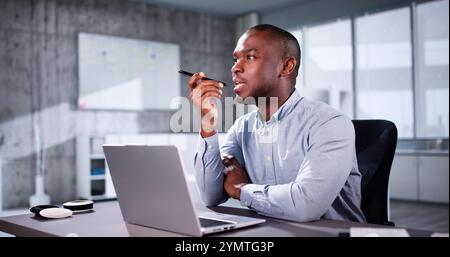 African American Using Online Time Sheets On Computer And Phone Stock Photo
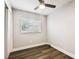 Cozy bedroom with ceiling fan, neutral walls, and new flooring at 10215 N 23Rd St, Tampa, FL 33612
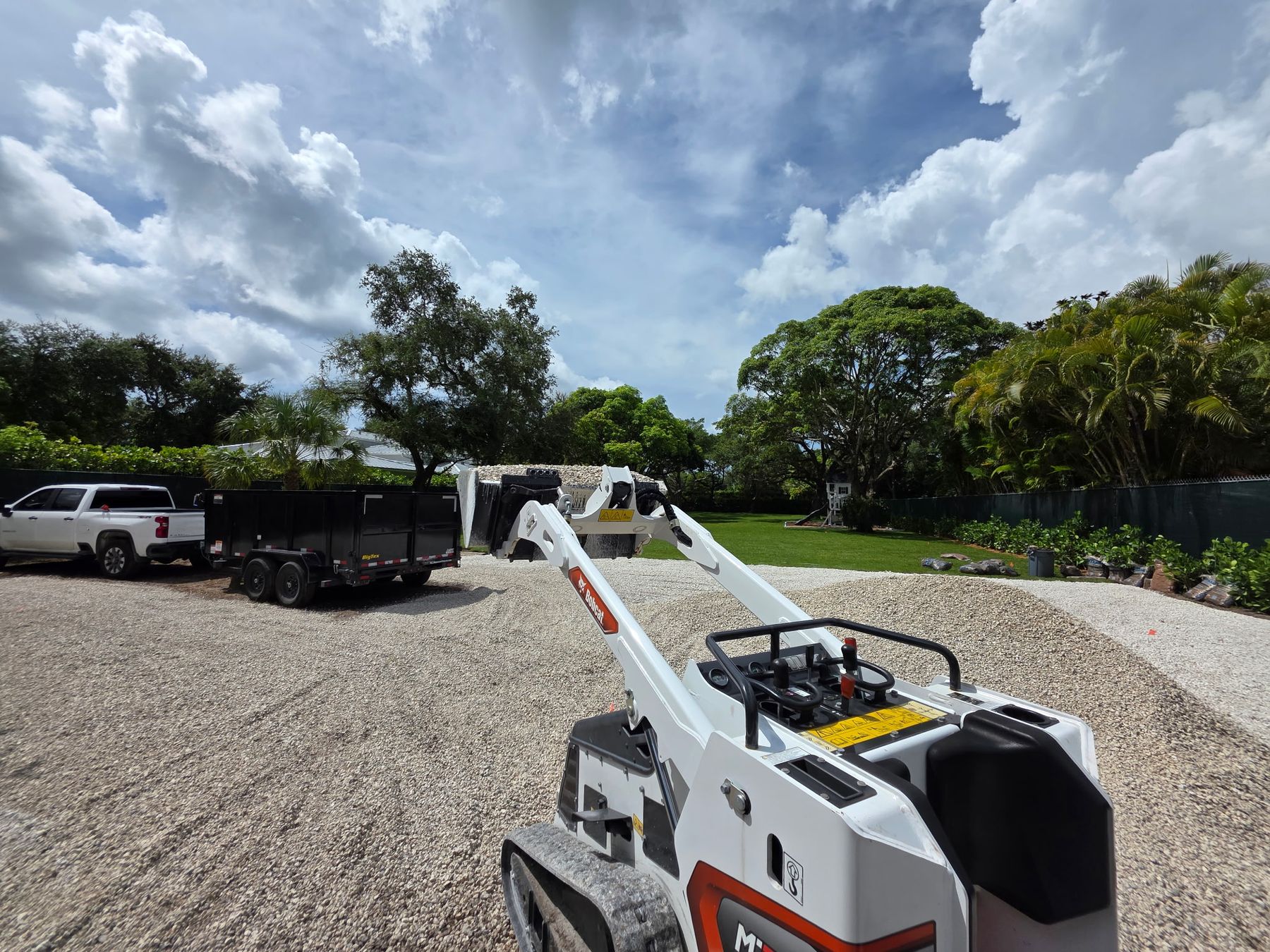 Walter's compact loader spreading white gravel for a new driveway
────────
Exercise:
Omitting the pictures, write out the material above exactly as it stands.

Reply:
 African American Using Online Time Sheets On Computer And Phone Stock Photo
 Cozy bedroom with ceiling fan, neutral walls, and new flooring at 10215 N 23Rd St, Tampa, FL 33612
 Walter's compact loader spreading white gravel for a new driveway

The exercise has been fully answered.